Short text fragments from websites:
☆ ☆ ☆ ☆ ☆
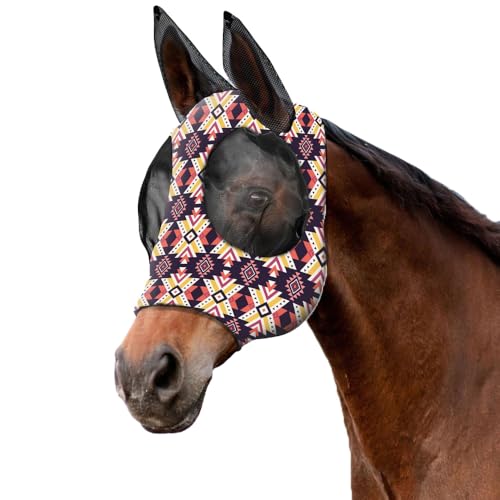 XFSRG Fliegenmaske Pferd Atmungsaktive Buntmuster Super Comfort Large Eye Space Fly Mask mit UV Schutz für Sommer und Outdoor(Violett/L) von XFSRG
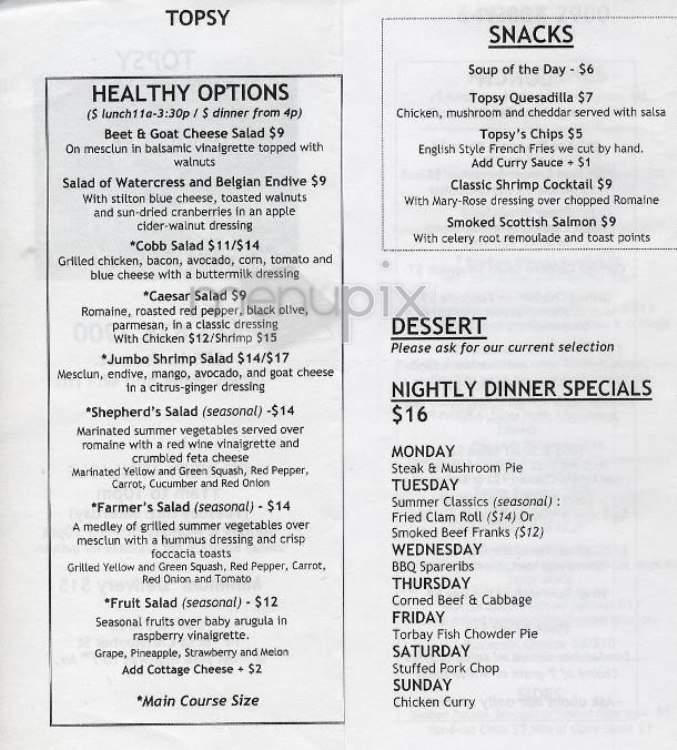 Topsy - New York, NY menu_pic
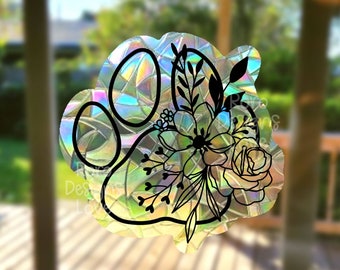 Paw print suncatcher sticker for windows, rainbow maker window decal, dog lover gift for women, sympathy gift loss of dog gift, plant mom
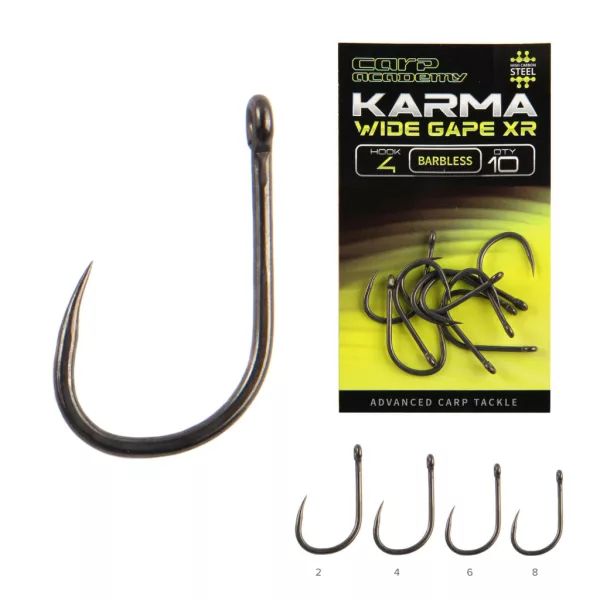 Carp Academy Karma Wide Gape XR 2 Ösenhaken, ohne Widerhaken 10Stk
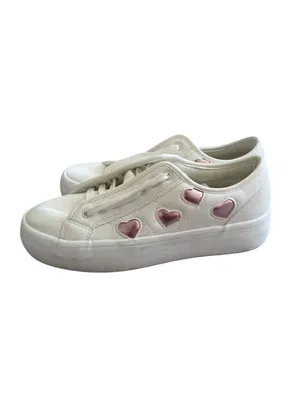 SINCERELY JULES Tag Pink White Heart Print Sneakers Size 8.5 thumbnail 2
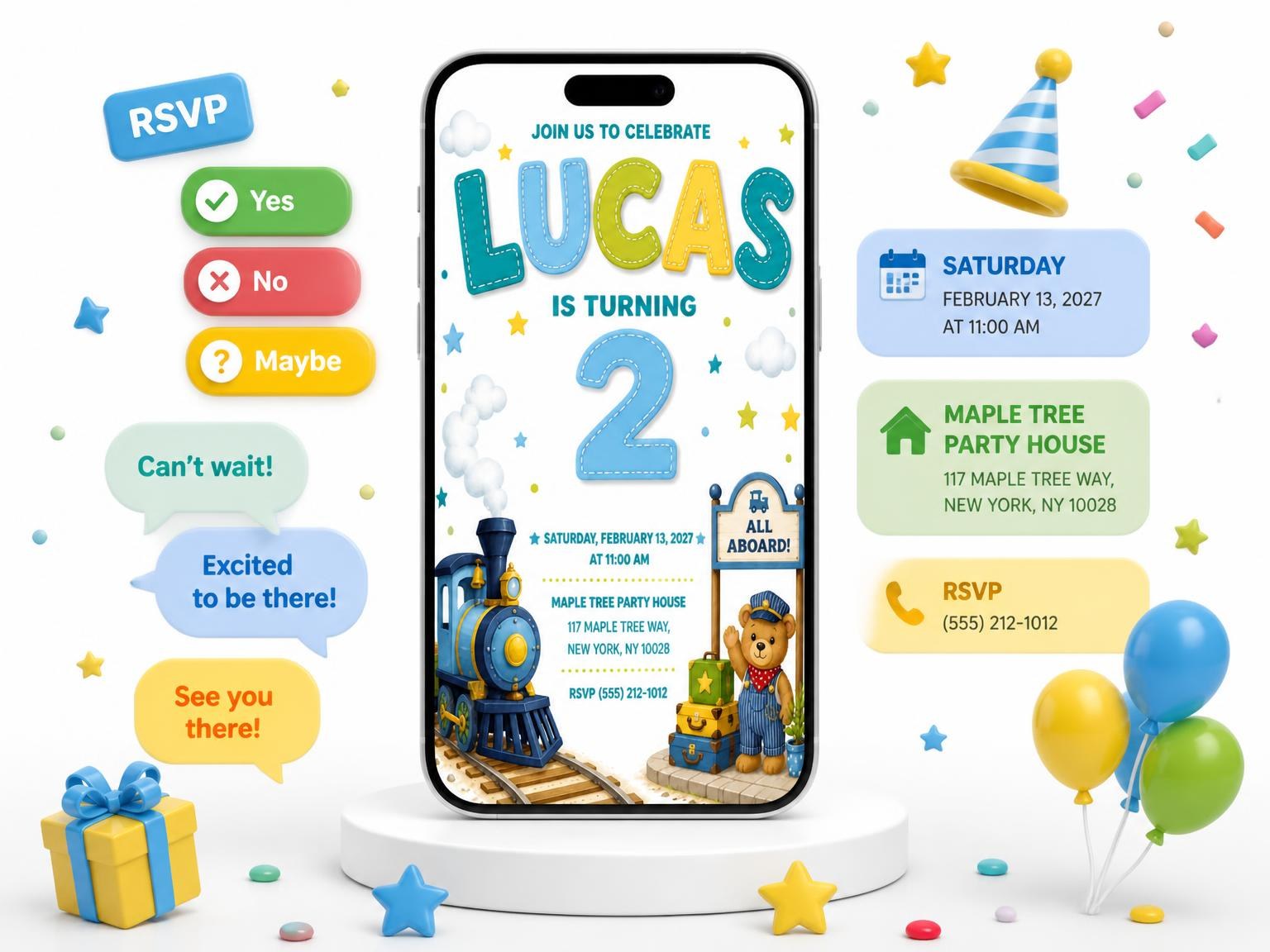 The Stitched Train Station 2nd Birthday Invitation invitation on a phone, with guest RSVPs arriving around it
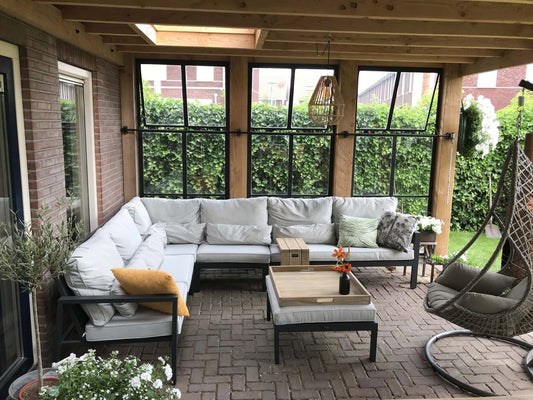 Manifesto Alzano hoek loungeset 4-delig (Zwart)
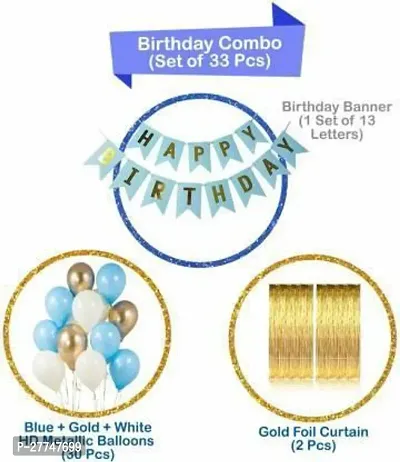 Happy Birthday Combo Printed Blue Banner (1 Pc) With Metallic Balloons (30 Pcs)  Decorative Golden Curtains (2 Pcs) (Set Of 33)-thumb2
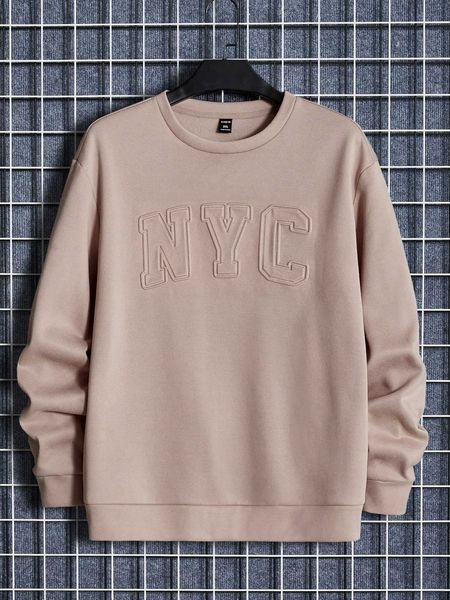 

men 's fashion emrg men plus letter embossed sweatshirt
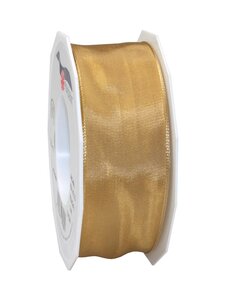 Ruban de soie acetat laitonné lyon 25-m-rouleau 40 mm ocre jaune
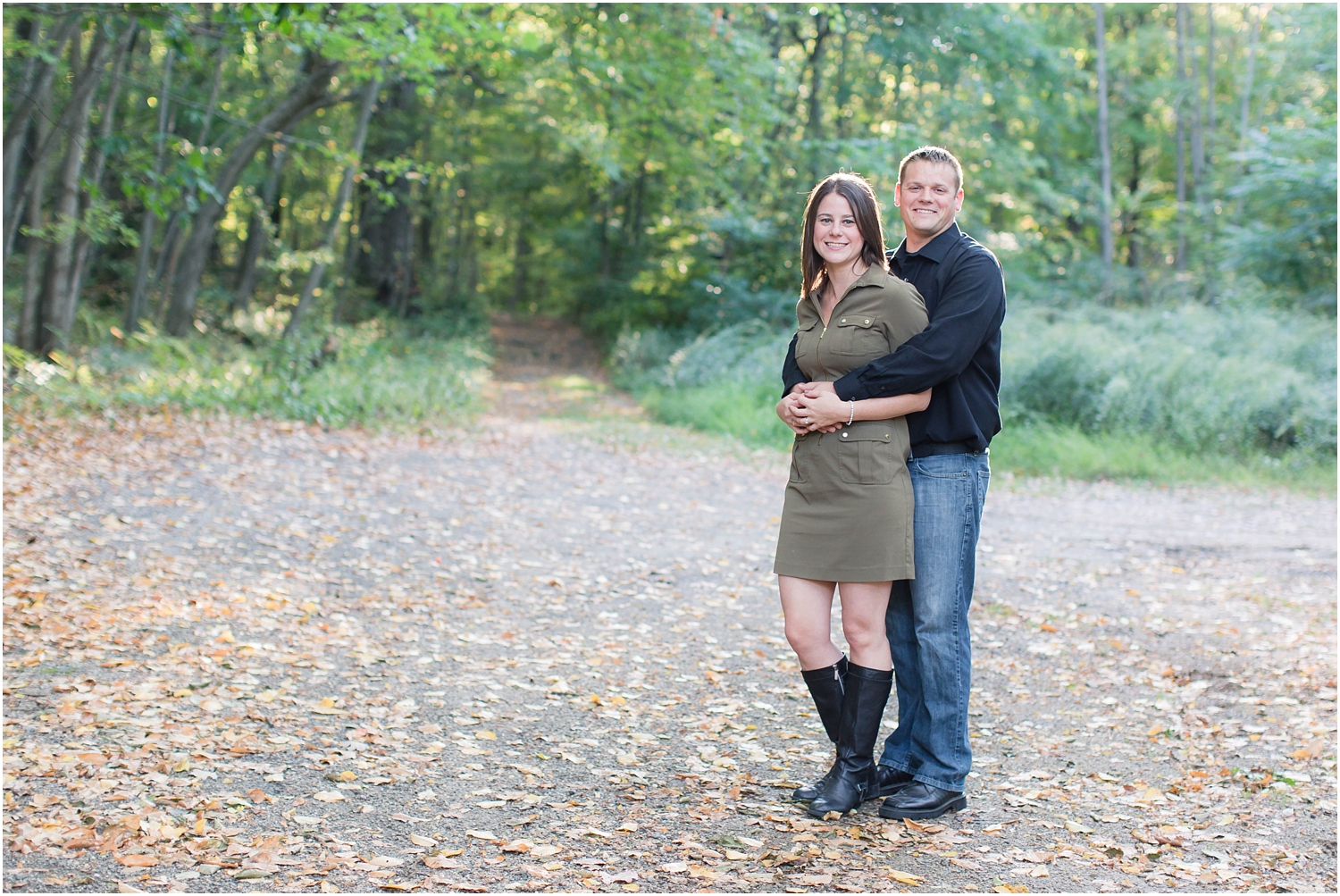 Fall engagement session in new jersey with dogs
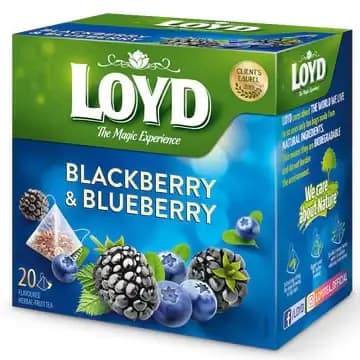 دمنوش کیسه ای لوید حاوی بلک بری و بلوبری 20 عددی LOYD blackberry and blueberry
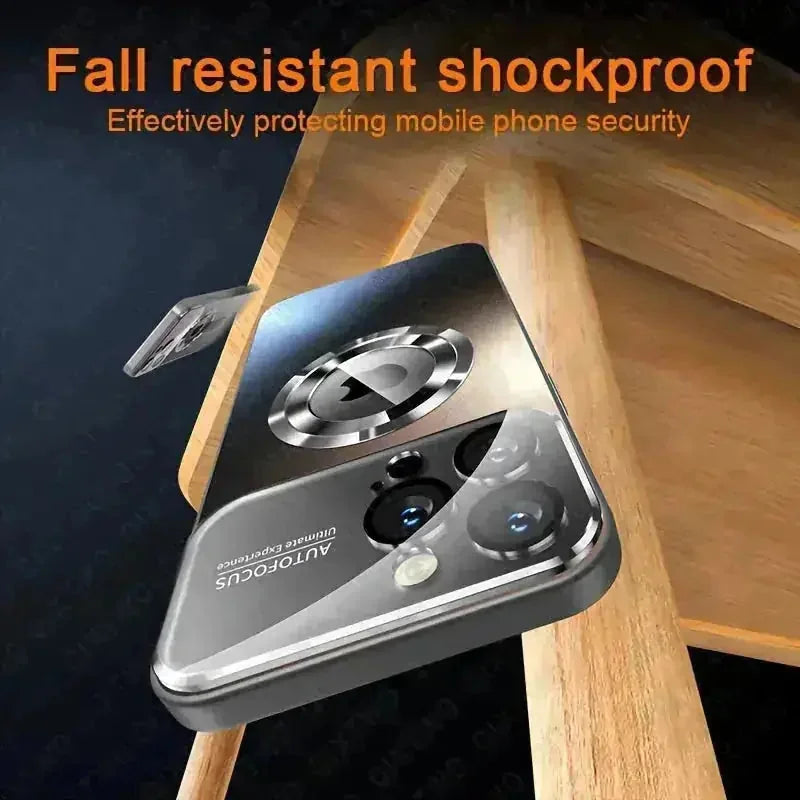 magnetic wireless charging case | shockproof silicone phone cover | hollow logo back cover | ultrasonic cleaning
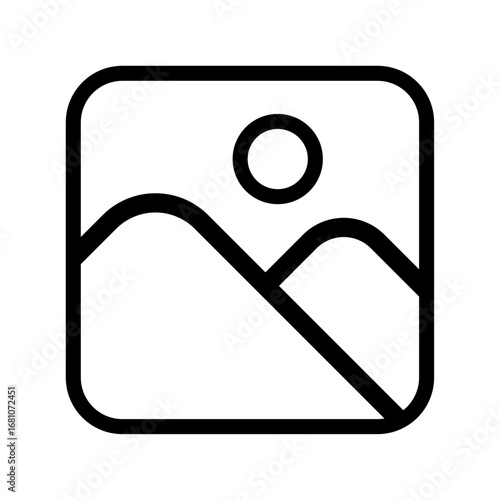 画像ギャラリーアイコン / Image Gallery Icon - シンプルな線画スタイルの山と太陽のシンボル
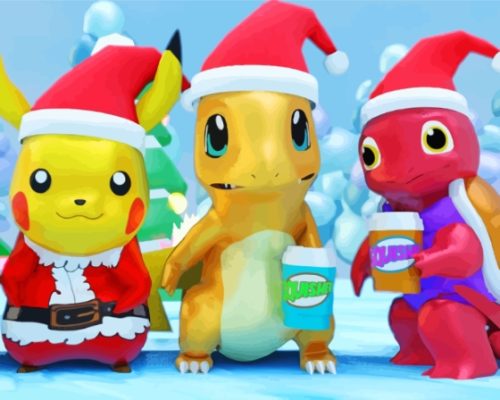 Pokemon Christmas Paint By Numbers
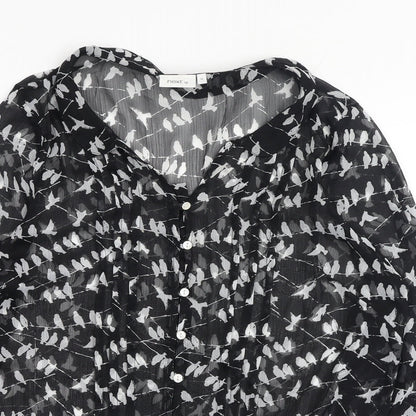 Womens UK Size 10 NEXT Black Basic Button-Up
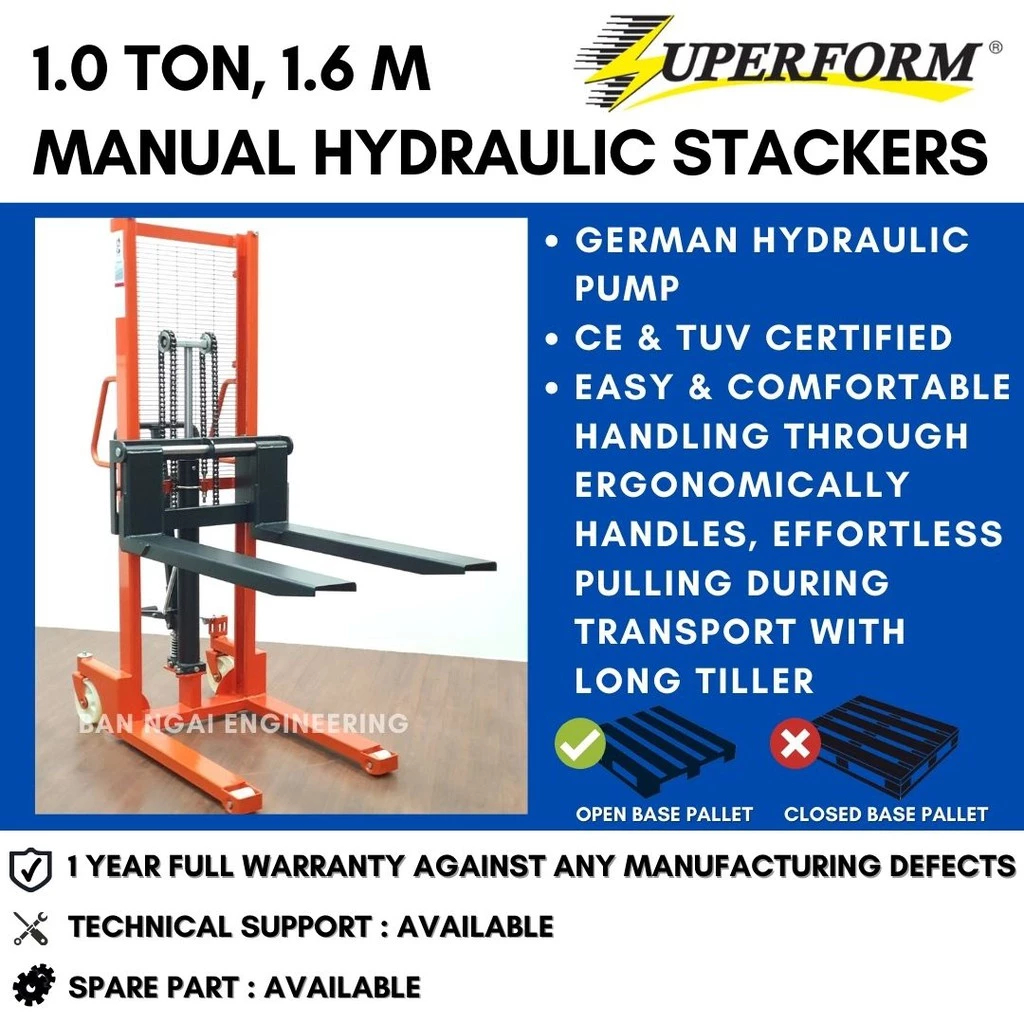 Jual Superform Hand Stacker ADA LOCK 1 ton 1000 kg Manual MHS10 1600 mm ...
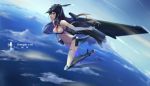  1girl aircraft_carrier black_hair breasts cleavage clouds elbow_gloves gloves j-20 long_hair military military_vehicle ocean original personification red_eyes ship thigh-highs wangchuan_de_quanyan warship watercraft 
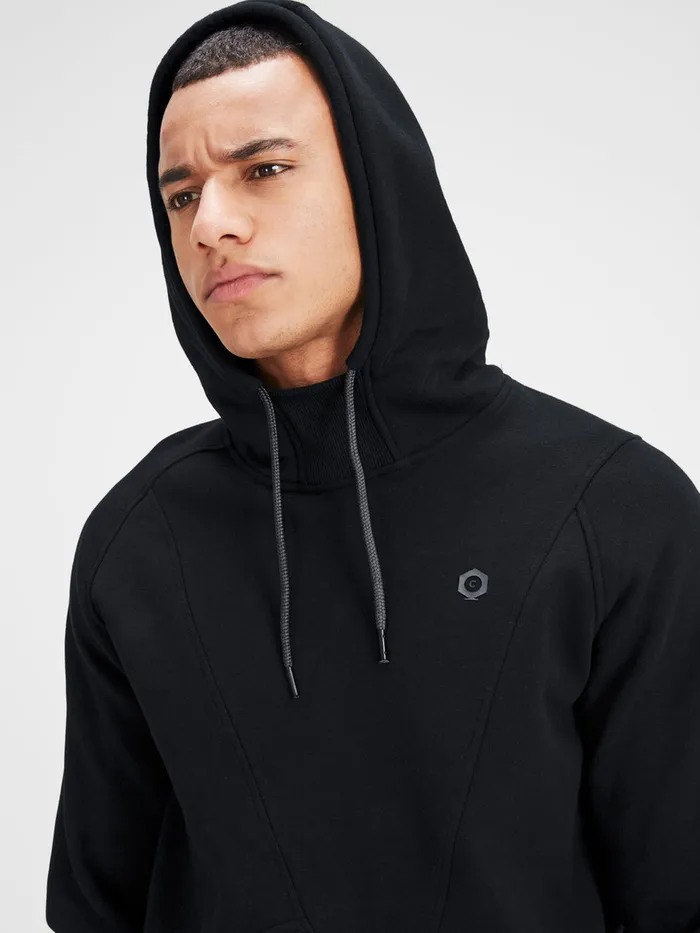 Sweatshirts JACK and JONES Mens DETAILED HOODIE SWEATSHIRT Black Black Cheap On Sale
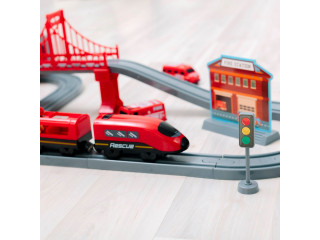 Железная дорога для детей "Служба спасения, 66 предметов", на батарейках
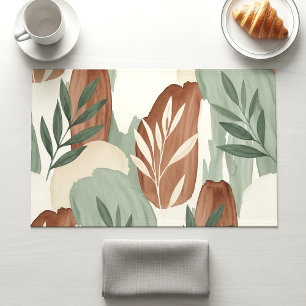 Organic Watercolor Sage Green and Oat Milk Botanic Placemat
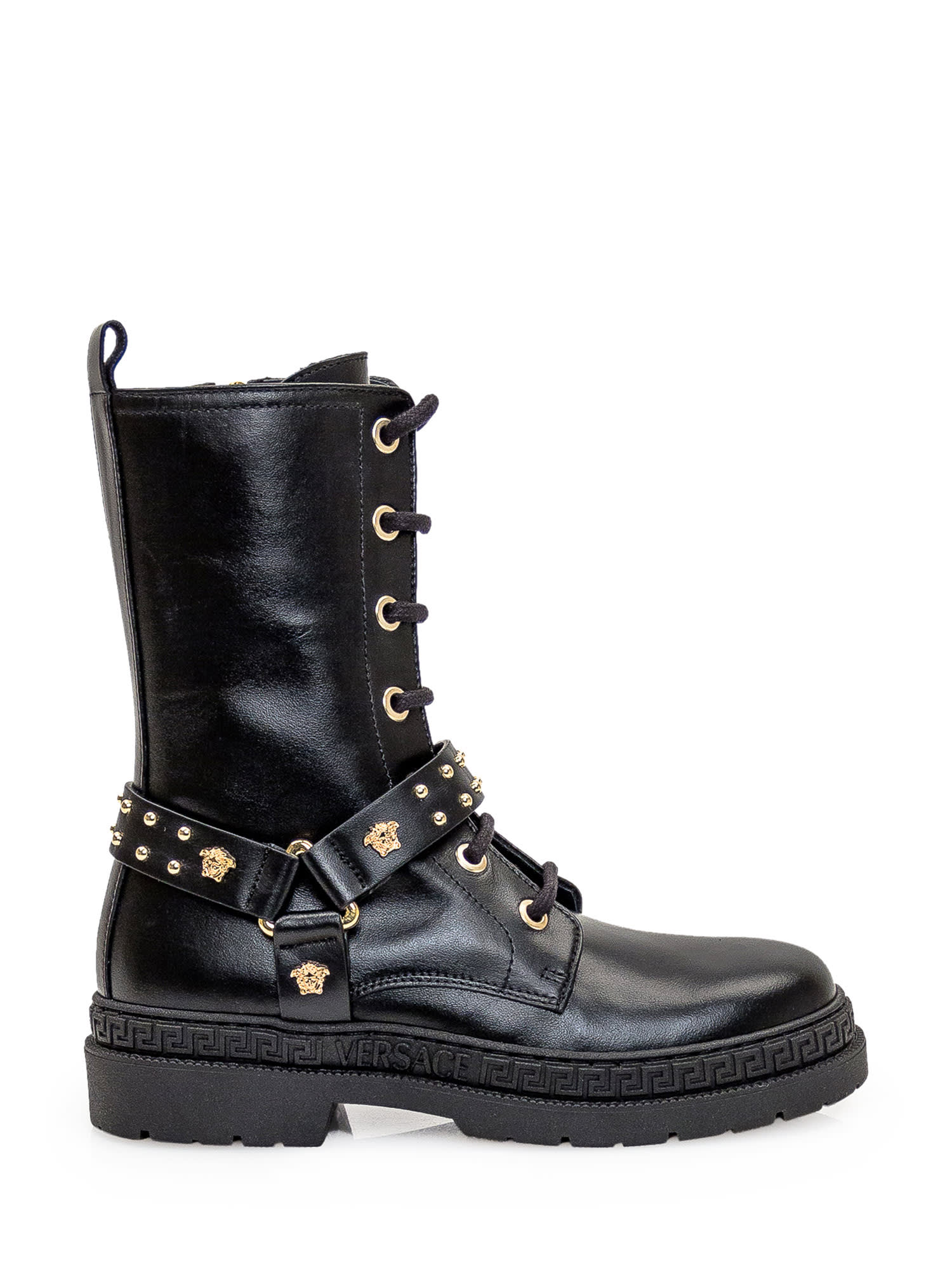 Versace Kids' Motorcycle Boots From Medusa In Black- Gold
☆ ☆ ☆ ☆ ☆
WHAT YOU WILL DO: Exactly the lines from the one holding "Womens UK Size 10 NEXT Black Basic Button-Up" through the last line of the entries, both included, are to be duplicated; leave the pictures out.

RESPONSE:
 Womens UK Size 10 NEXT Black Basic Button-Up
 Jual Superform Hand Stacker ADA LOCK 1 ton 1000 kg Manual MHS10 1600 mm ...
  1girl aircraft_carrier black_hair breasts cleavage clouds elbow_gloves gloves j-20 long_hair military military_vehicle ocean original personification red_eyes ship thigh-highs wangchuan_de_quanyan warship watercraft 
 Sweatshirts JACK and JONES Mens DETAILED HOODIE SWEATSHIRT Black Black Cheap On Sale
 Железная дорога для детей "Служба спасения, 66 предметов", на батарейках
 Organic Watercolor Sage Green and Oat Milk Botanic Placemat
 Versace Kids' Motorcycle Boots From Medusa In Black- Gold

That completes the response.